[[ DATA open ]]

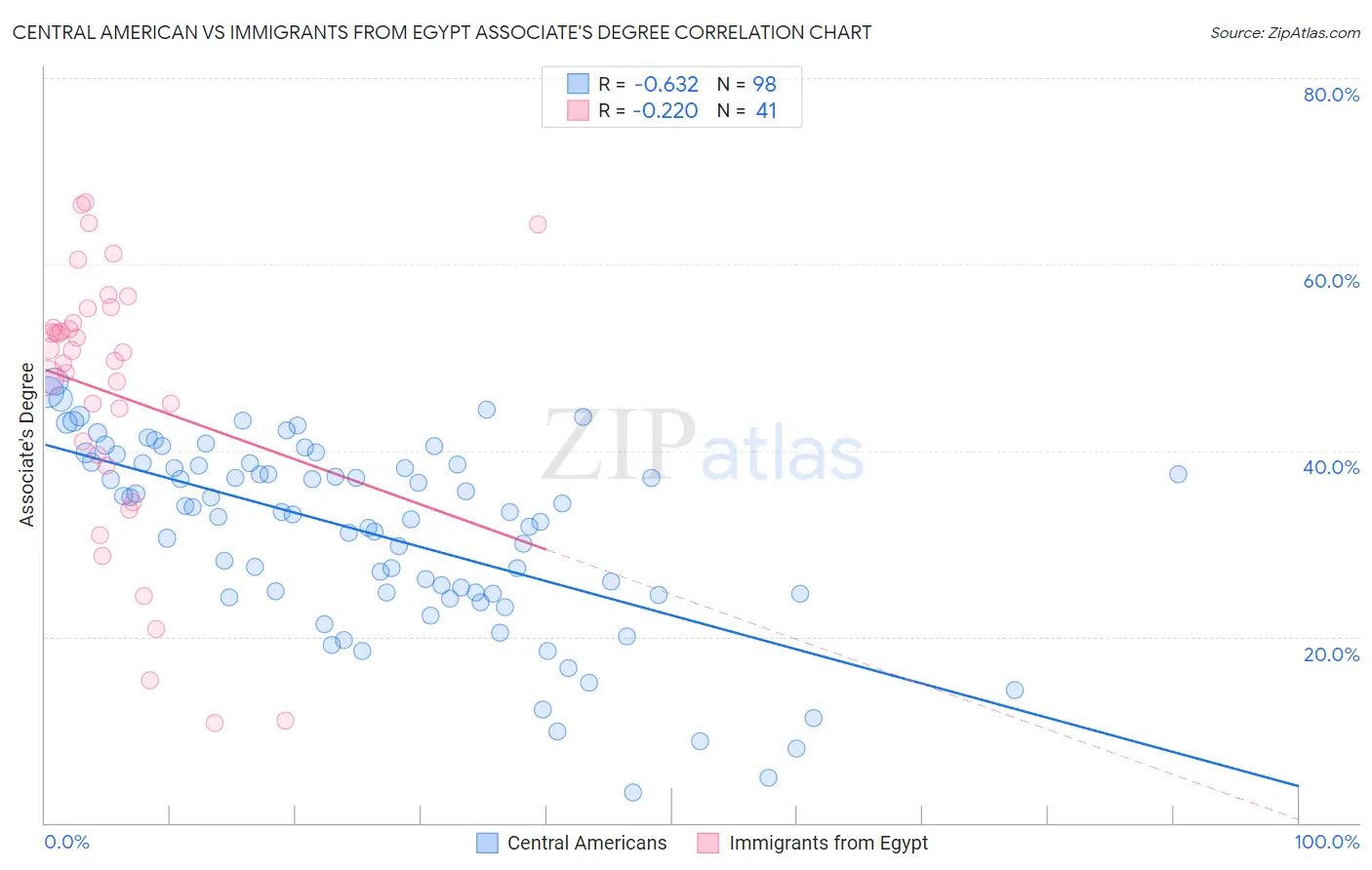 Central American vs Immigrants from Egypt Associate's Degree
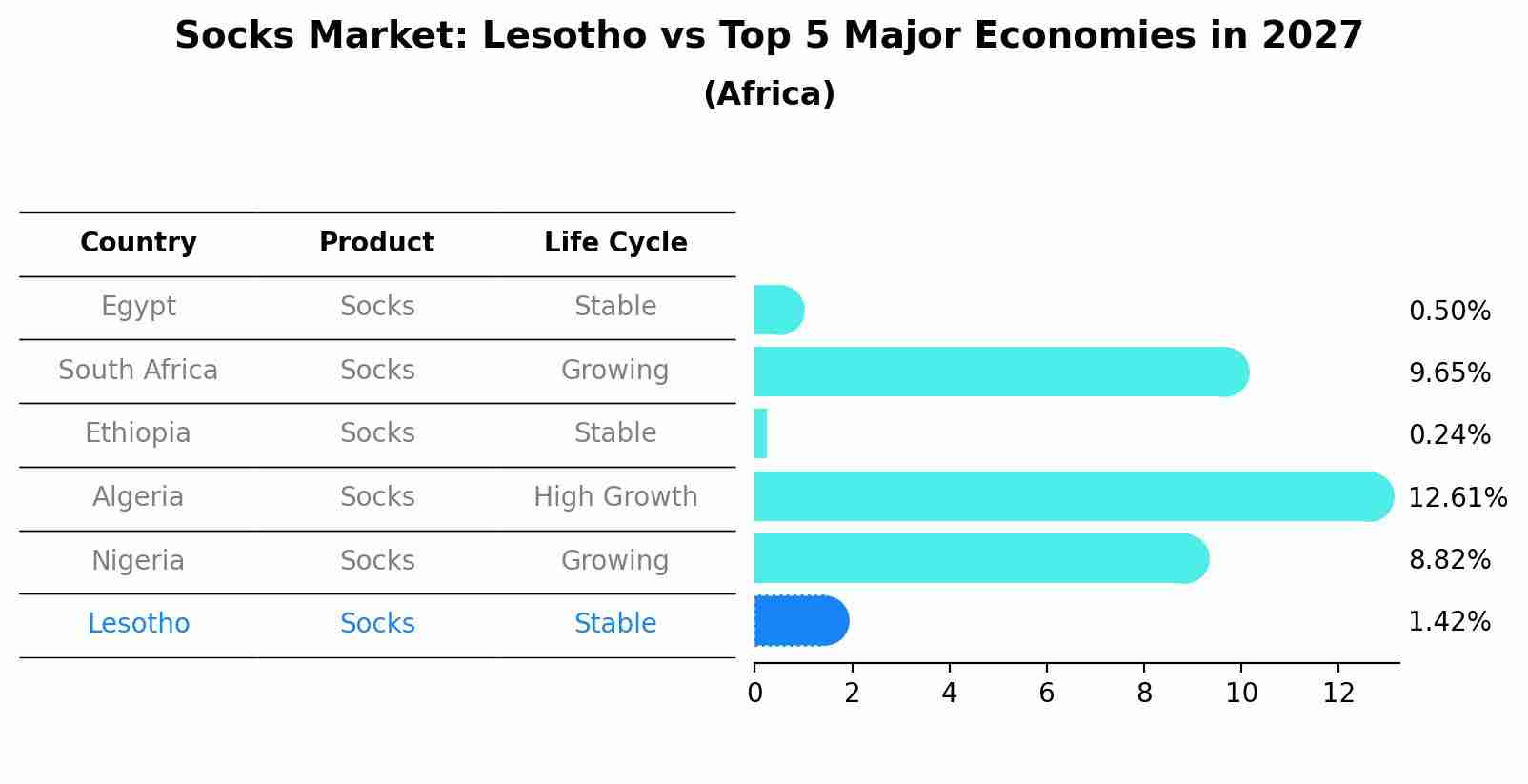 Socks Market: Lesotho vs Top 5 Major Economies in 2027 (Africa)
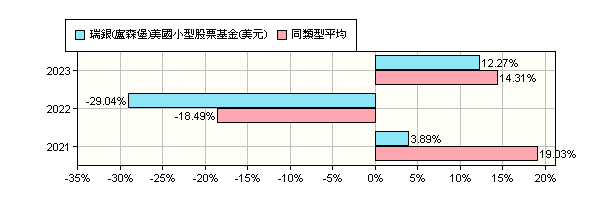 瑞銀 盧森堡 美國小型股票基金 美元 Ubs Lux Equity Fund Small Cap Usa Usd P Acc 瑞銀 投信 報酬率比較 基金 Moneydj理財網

[[ DATA closed ]]

— REQUIRED ACTION —
Except for the pictures, the whole listing above should be transcribed exactly.

— SOLVED EXERCISE —
 Central American vs Immigrants from Egypt Associate's Degree
 Socks Market: Lesotho vs Top 5 Major Economies in 2027 (Africa)
 瑞銀 盧森堡 美國小型股票基金 美元 Ubs Lux Equity Fund Small Cap Usa Usd P Acc 瑞銀 投信 報酬率比較 基金 Moneydj理財網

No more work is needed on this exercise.